#### [EXERCISE REQUIREMENTS]
Take the line with "OH license plate GIM5223" as the first and the last line of the data as the end. Write out both and every line between exactly, except pictures.

#### [SUPPLIED INFORMATION]
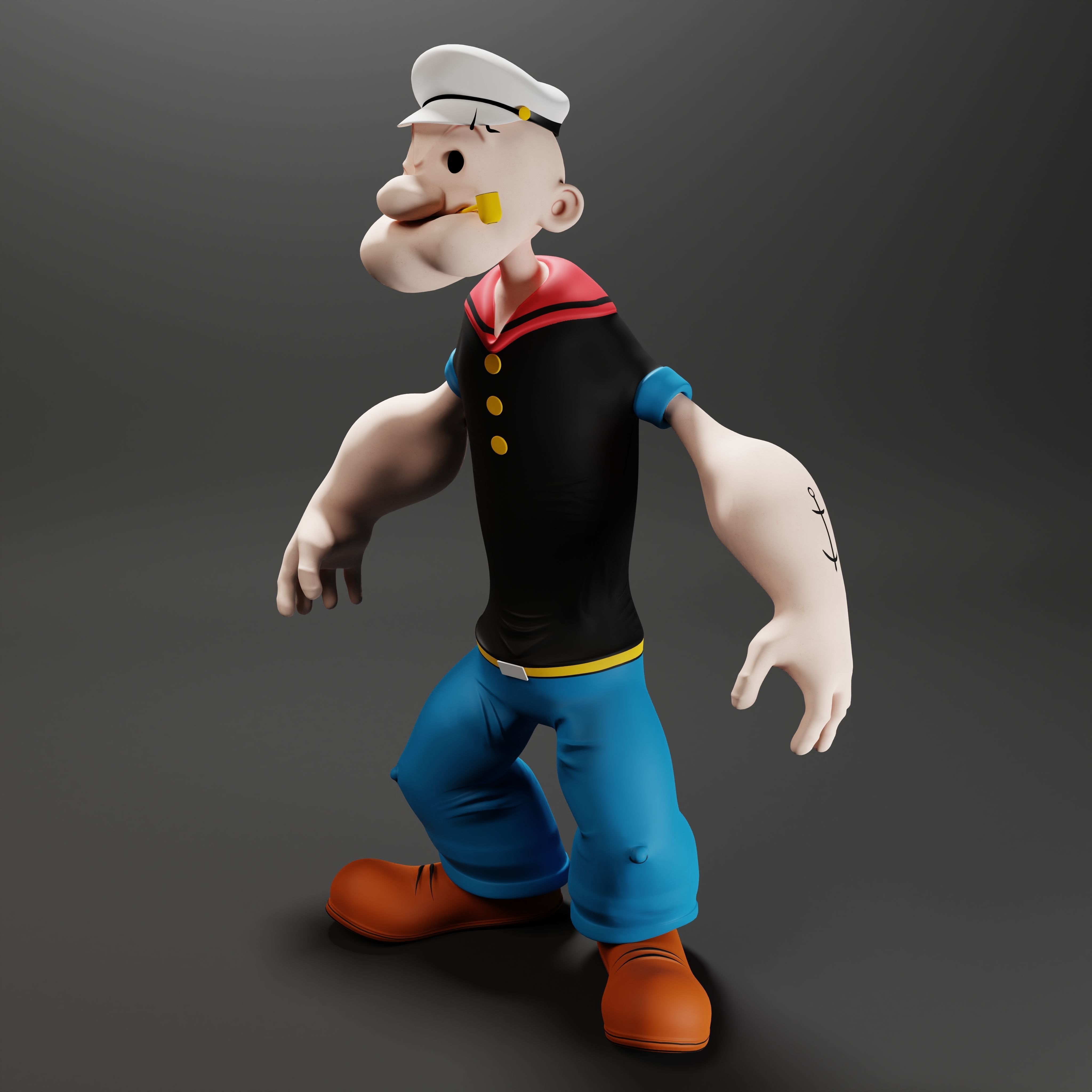 Popeye The Sailor - Rigged Low-poly 3D model_15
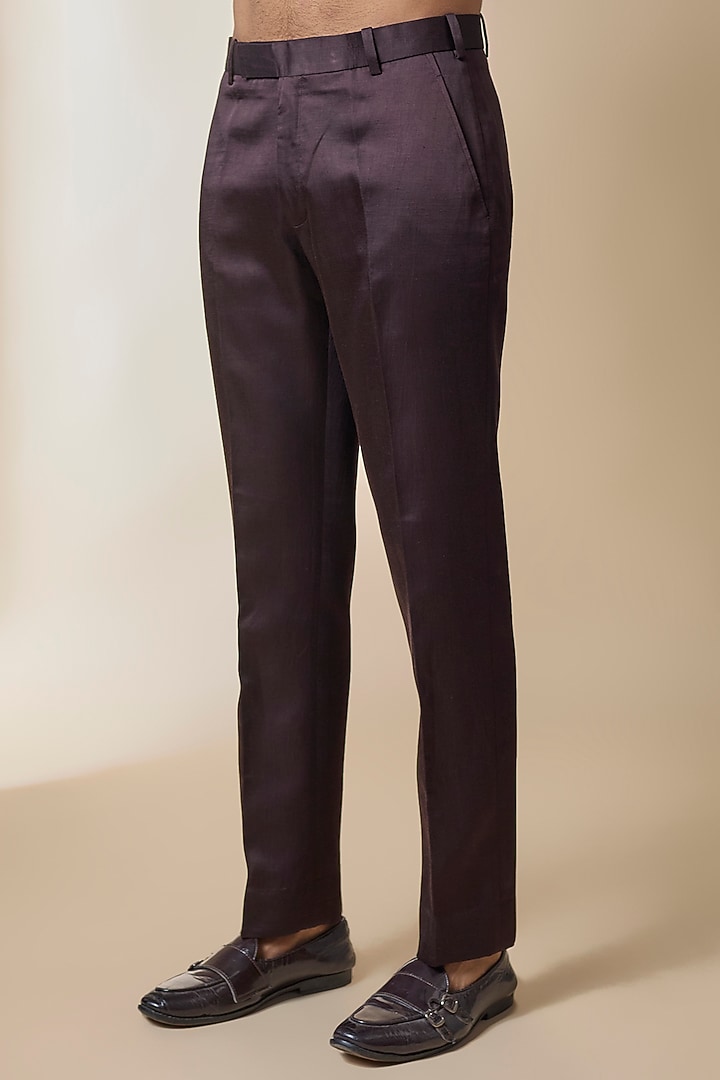 Dark Brown Linen Silk Indwowestern Set by Jatin Malik at Pernia's Pop Up Shop
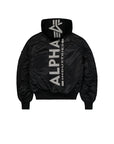 MA-1 ZIP HOOD BLACKPRINT SLIM BOMBER JACKET BLACK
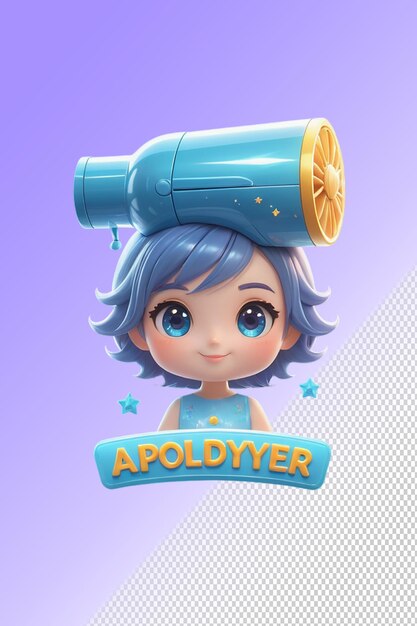 Psd 3d illustration hairdryer isolated on a transparent background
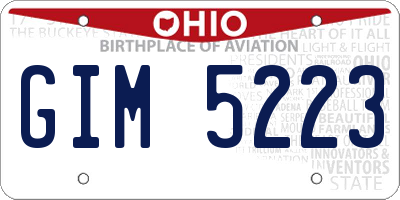 OH license plate GIM5223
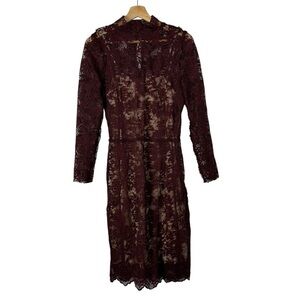 Boutique Burgundy Red Lace Overlay Long Sleeve Mini Dress S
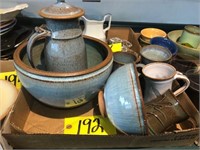 Clay mugs, bowl, pitcher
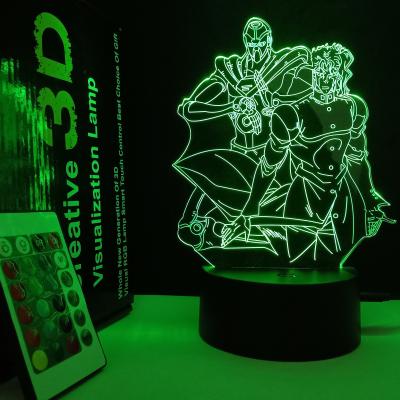 China Kakyoin Noriaki Hierophant Green Anime 3D Design 3D Colors 7 Lamps Flashing JoJo Christmas New Year Birthday Gift Bizarre Gift Lamp for sale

#### [SOLUTION TO THE PROBLEM]
 OH license plate GIM5223
 Boutique Burgundy Red Lace Overlay Long Sleeve Mini Dress S
 Clay mugs, bowl, pitcher
 China Kakyoin Noriaki Hierophant Green Anime 3D Design 3D Colors 7 Lamps Flashing JoJo Christmas New Year Birthday Gift Bizarre Gift Lamp for sale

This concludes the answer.